Le délai de 6 mois donné aux comités de créanciers pour se prononcer sur un projet de plan.
Les délais de saisine de la Commission des Chefs de Services Financiers.
La saisie-attribution des créance à exécution successive.
Affectation et remise du prix de cession de l’entreprise.
La désignation du Commissaire à l’exécution du plan.
Les propositions d’amélioration des textes visant ces problèmes ont été avalisées par le Conseil de l’Ordre des Avocats du Barreau de PARIS lors des séances des 12 avril et 24 mail 2011 : elles ont été publiées dans le BARREAU de FRANCE, revue (trimestrielle) de la Confédération Nationale des Avocats, numéros 349 et 351 et mises en ligne sur les sites Internet suivants :
CNA (Confédération Nationale des Avocats) www.cna-avocats.fr
ANASED : www.anased.fr
Ces propositions sont jointes à la présente note.

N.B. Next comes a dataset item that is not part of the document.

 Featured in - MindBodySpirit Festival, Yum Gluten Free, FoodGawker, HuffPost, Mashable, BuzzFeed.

Les avocats spécialistes du droit de l’entreprise soulignent que ces réformes d’adaptation du droit aux réalités de la vie économique et de sa régulation judiciaire, sont indispensables. Elles ne transforment pas le droit positif : elles amélioreront sa nécessaire efficacité.
d) – SUR LES TRES PETITES ENTREPRISES (TPE)

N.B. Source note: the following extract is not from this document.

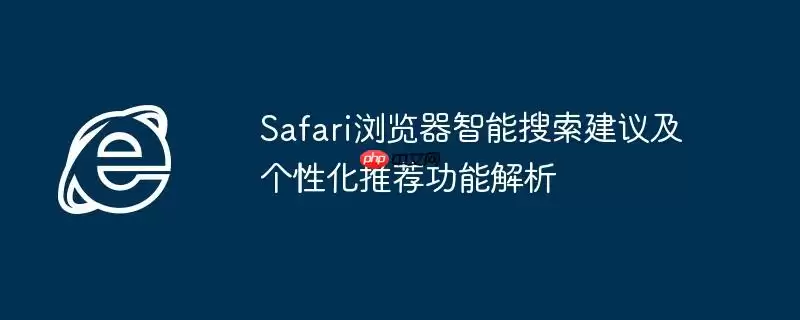 Safari浏览器智能搜索建议及个性化推荐功能解析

Peu observées ou considérées, alors qu’elles forment en France la majorité des entreprises, les TPE mériteraient que le législateur s’en préoccupe mieux (« Création et Pérennisation de l’entreprise de petite taille » 2001 – Etude présentée par Me Jacqueline SOCQUET-CLERC LAFONT, Conseil Economique et social. Les Editions des Journaux Officiels.
Les avocats spécialistes soulignent que les procédures prévues par le Livre VI du Code de Commerce (sur les difficultés d’entreprises) ne sont guère adaptées aux cas des commerçants personnes physiques et des très petites entreprises.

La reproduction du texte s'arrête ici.